Elle est donc parfaitement recevable en ses demandes.
- sur le fond
L'article 835 du code de procédure civile dispose que: 'Le président du tribunal judiciaire ou le juge des contentieux de la protection dans les limites de sa compétence peuvent toujours, même en présence d'une contestation sérieuse, prescrire en référé les mesures conservatoires ou de remise en état qui s'imposent, soit pour prévenir un dommage imminent, soit pour faire cesser un trouble manifestement illicite.
Dans les cas où l'existence de l'obligation n'est pas sérieusement contestable, ils peuvent accorder une provision au créancier, ou ordonner l'exécution de l'obligation même s'il s'agit d'une obligation de faire.'
Au soutien de son appel, la sci expose que la société Box Rent aurait eu un comportement intentionnellement fautif en méconnaissant ses obligations résultant du bail à construction,les désordres étant apparus en 2005,en s'étant sciemment abstenue d'entretenir et de réparer l'étanchéité du parking, alors que ses obligations étaient définies par l'acte notarié dressé le 18 décembre 1979, et en ayant, par son inertie, délibérément contribué à l'aggravation du coût des travaux nécessaires en ne réalisant pas les travaux d'entretien qui lui incombaient, le dessein de la société Box Rent étant précisément de se maintenir artificiellement dans les lieux et d'exercer une pression financière sur la sci .
Or, il apparaît que:
- il est constant que par effet de l'arrêt rendu par la cour d'appel de Paris le 1er juillet 2016, le bail qui lie les parties obéit, ainsi que l'a à juste titre relevé le premier juge, au régime de droit commun des baux commerciaux, sans contenir de clauses de transfert de charges pesant habituellement sur le bailleur vers le locataire,
- il n'est pas discuté in fine qu'en l'absence de clause relative aux travaux, et en application des dispositions des articles 1754 et 1755 du code civil, le locataire est tenu des seules réparations locatives ou menu entretien, à moins qu'elles ne soient occasionnées par la vétusté ou la force majeure,
- M. R., aux termes de son rapport d'expertise, a constaté que la zone concernée n'a pas fait l'objet de travaux par la locataire, de sorte que les développements sur la responsabilité de la société Box Rent dans l'apparition des désordres ne sont pas pertinents,
- M. R. précise: 'une partie des sous-sols exploités par la société Box Rent subit des infiltrations qui interdisent toute forme de stockage.
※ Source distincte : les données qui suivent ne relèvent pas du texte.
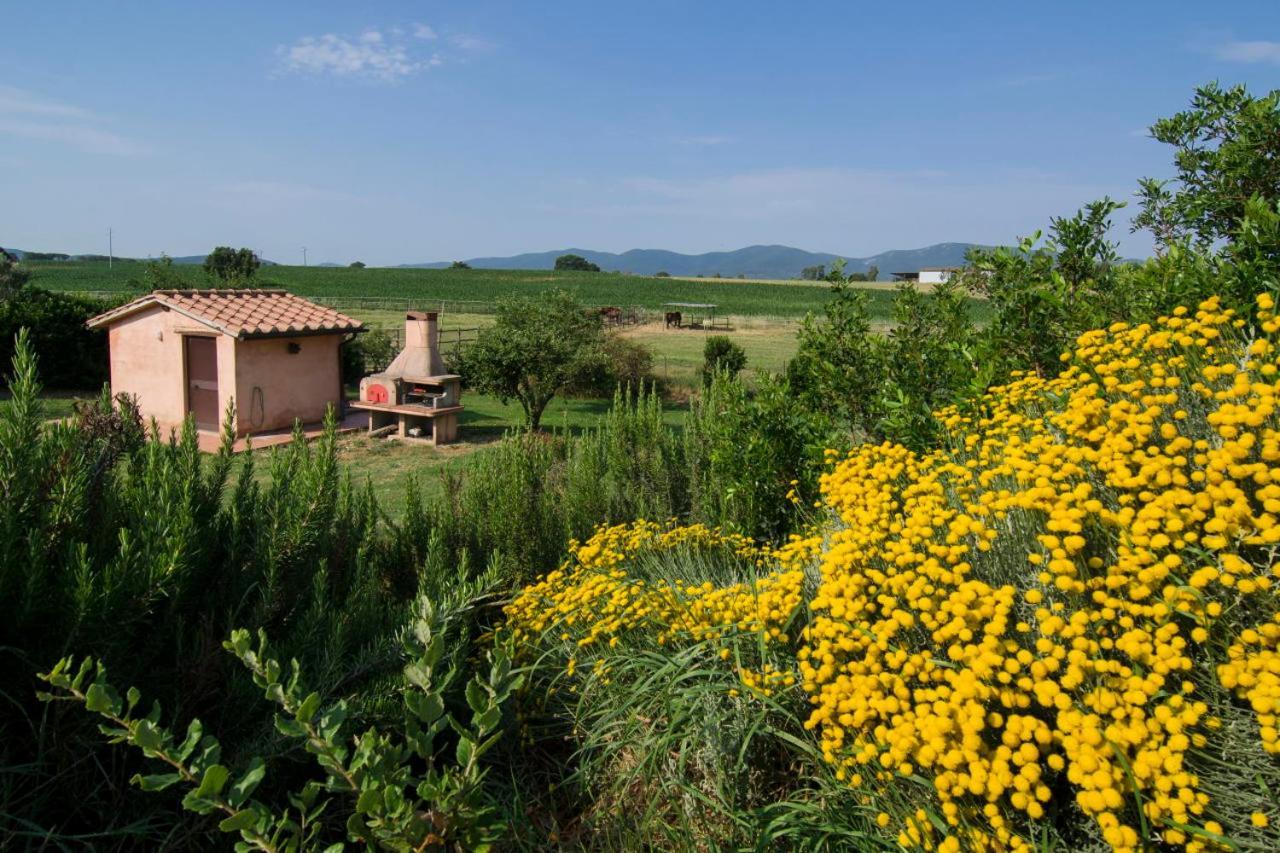 Agriturismo Il Melograno Di Banditella Alberese Εξωτερικό φωτογραφία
Les défauts du revêtement de surface permettent à l'eau de s'infiltrer entre les dalles de béton formant le toit du local. Ces infiltrations sont visibles sur les poteaux et au droit des dalles. La présence d'eau rend impossible tout aménagement et les locaux ne peuvent être utilisés pour faire du stockage.'
- l'expert indique encore: 'la partie du sous-sol litigieuse est la conséquence d'un décaissement de terrain qui a été recouvert pour créer un plafond par des dalles préfabriquées. En extérieur, l'ensemble de cette surface est recouvert de bitume et accueille un parking. Les fuites apparaissent au droit des dalles alvéatoires qui provoquent l'inondation du local. L'observation de la surface du parking montre que cette dernière est extrêmement dégradée, expliquant ainsi les passages d'eau'
- il en ressort que les travaux de remise en état et d'étanchéité, dont le coût a été évalué à la somme de 89.703, 30 euros par la société Etancheref aux termes de son devis du 30 janvier 2019,ne peuvent sérieusement relever des réparations locatives ou de menu entretien, de sorte qu'ils incombent bien au bailleur.
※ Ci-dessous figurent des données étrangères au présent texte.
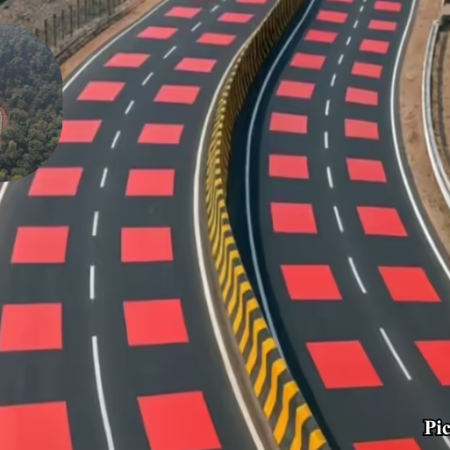 GNN India Launches Innovative 'Red Road' to Enhance Wildlife Safety on National Highway 45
Dans ces conditions, l'ordonnance entreprise sera confirmée en ce qu'elle a enjoint la sci [...] de procéder, dans un délai de deux mois suivant la signification de la décision, à la réalisation des travaux d'étanchéité dans les locaux loués à la société Box Rent situés [...], conformément au devis établi le 30 janvier 2019 par la société Etancheref le 30 janvier 2019 et validé par M. R.. Elle sera en outre confirmée en ce qu'elle a dit n'y avoir lieu au prononcé d'une astreinte, laquelle ne s'avère pas nécessaire.
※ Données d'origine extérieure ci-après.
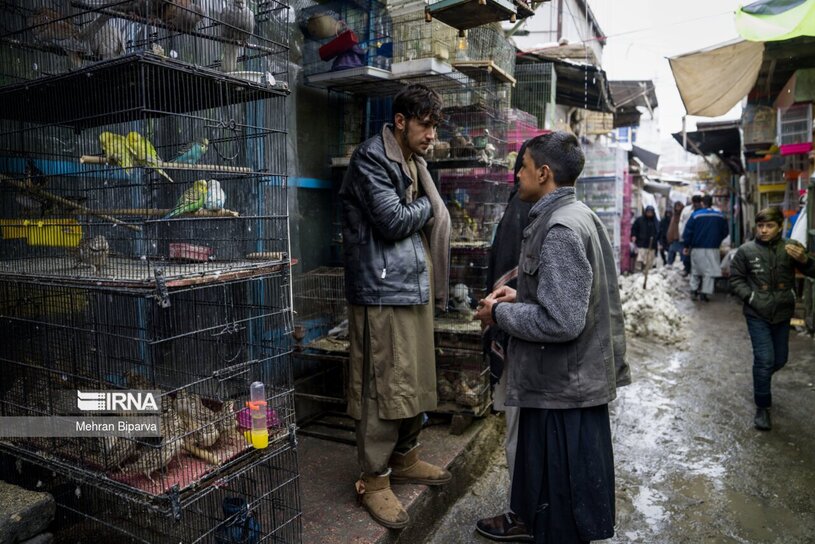 بازار پرنده فروشان کابل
A titre reconventionnel, la sci sollicite à titre provisionnel la somme de 1.530.000 euros à raison d'un 'excédent anormal et frauduleux d'exploitation', qui trouverait sa source dans une plus value réalisée par la société Box Rent grâce à la sous-location des lieux aux sociétés Homebox et Ada.
Toutefois, il ressort tout d'abord d'un arrêt rendu par la cour d'appel de Paris le 10 décembre 2010 que la société Box Rent a bien informé la sci des sous-locations et qu'au cours de cette procédure menée devant la cour en 2010, la sci a estimé ne plus devoir contester la régularité des sous baux. Ensuite, aux termes de l'arrêt rendu le 1er juillet 2016 par la cour d'appel de Paris, il a été rappelé par la cour que la présence des sociétés Homebox et Sapn aux cotés de la société Box Rent, comme sous locataires de cette dernière, ne pouvait être litigieuse. La société Box Rent justifie enfin avoir informé la sci de toute sous-location, notamment en ce qui concerne les sociétés Homebox et Ada.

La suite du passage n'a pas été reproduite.